● **Task goal**: From the data below, please reproduce exactly everything from the line that contains "Pokémon Stellar Crown" down to the line that contains "1G1ZB5ST1NF195173 Chevrolet Malibu Fwd Ls", with both ends included.

● **Record extracts**:
- - - - -

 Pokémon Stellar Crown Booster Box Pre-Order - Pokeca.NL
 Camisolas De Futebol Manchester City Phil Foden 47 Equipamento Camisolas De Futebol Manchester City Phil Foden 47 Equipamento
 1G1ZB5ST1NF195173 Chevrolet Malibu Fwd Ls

- - - - -

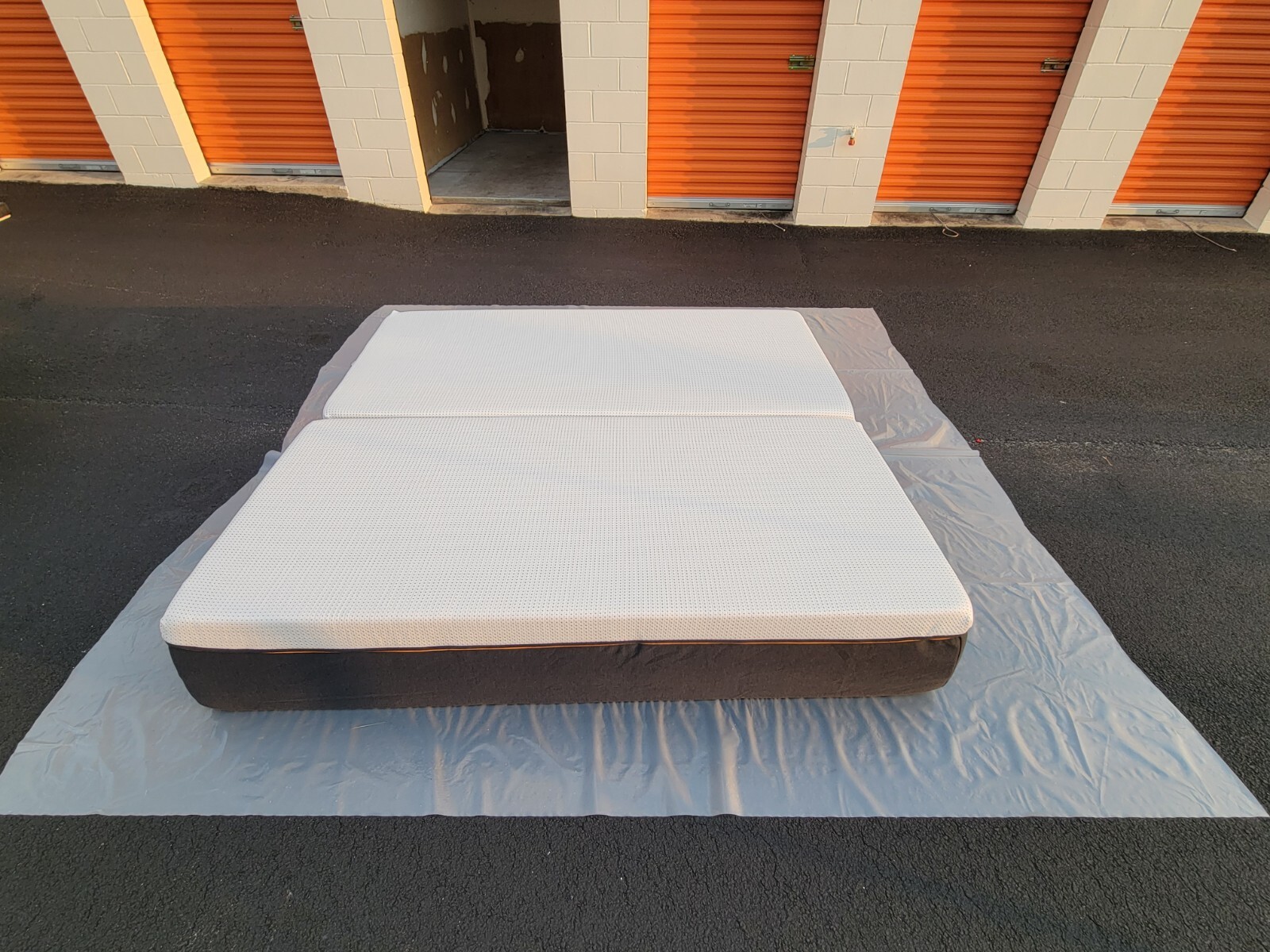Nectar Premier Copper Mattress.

- - - - -

● **Solution to the problem**:
 Pokémon Stellar Crown Booster Box Pre-Order - Pokeca.NL
 Camisolas De Futebol Manchester City Phil Foden 47 Equipamento Camisolas De Futebol Manchester City Phil Foden 47 Equipamento
 1G1ZB5ST1NF195173 Chevrolet Malibu Fwd Ls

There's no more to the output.